Plus, Western banks like and need to know a lot about what their customers do. There is a high degree of volatility in the Asia Pacific region. It’s a growing market and local businesses are less risk averse than established Western businesses. They are willing to try new things, switch to new products or new streams of revenue. This can be a challenge for foreign investors.

That’s the situation with regards to Western banks. What’s the situation for local banks and investors? As they are not governed by the same restrictions facing Western banks – sanctions, regulations, liquidity, etc – they can invest more quickly and easily. This means they may be able to offer more competitive rates than their Western competitors. They also have local knowledge, experience and contacts.

There are plenty of innovators and local banks across the Asia Pacific region that are ready and willing to invest. It’s also where a lot of exciting, new generation technology is taking root. Unencumbered by legacy infrastructure, unlike Western banks, local operators are able to innovate and pass on that innovation to customers. Mobile payments, P2P platforms, micro-payments – local innovators are well placed to take advantage of these technologies, capture the markets and leapfrog over what Western banks can and do offer.

However, it’s not all plain sailing for local investors – they need to improve their visibility in these emerging markets and achieve credibility on the global stage.
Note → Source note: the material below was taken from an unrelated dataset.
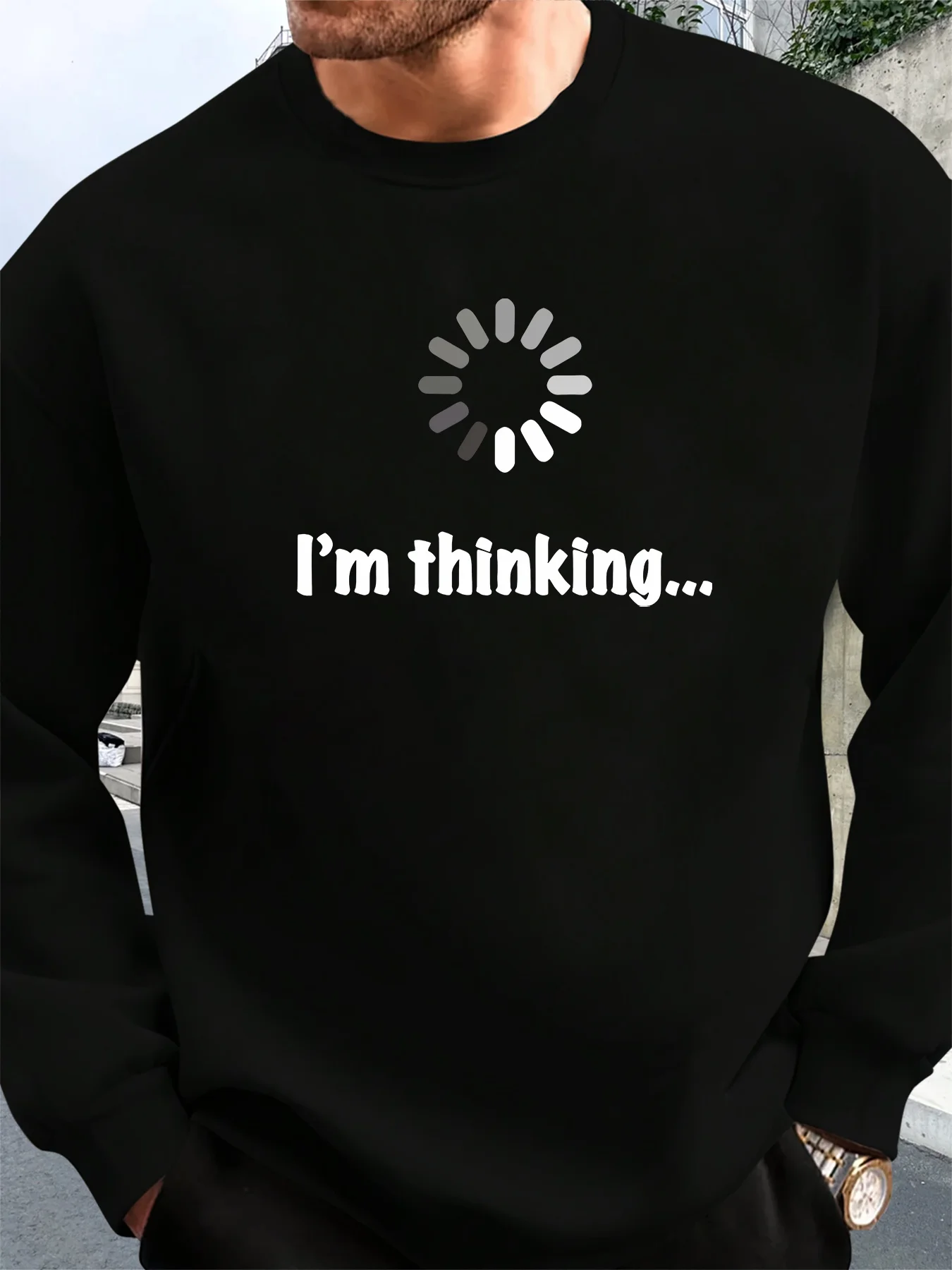 Men'S Casual Loose Fit Crew Neck Sweatshirt with "I'm Thinking..." Print - Black, Long Sleeve, Comfortable &Stylish for Spring
Men'S Casual Loose Fit Crew Neck Sweatshirt with "I'm Thinking..." Print - Black, Long Sleeve, Comfortable &Stylish for Spring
They need to get contracts and businesses up and running quickly and then push forward to make ventures successful. They need increased STP in order to provide competitive technology and their dependency on trade – Asian countries have a much higher dependency on trade than Western countries – makes them vulnerable.

Local banks and investors also come up against some of the problems facing Western banks. If they are trading using US dollars, then they encounter US requirements around risks, regulation and compliance. Just as Western banks have to accommodate local best practice when trading in other regions, those in other regions that are trading on the global stage, have to accommodate global best practice.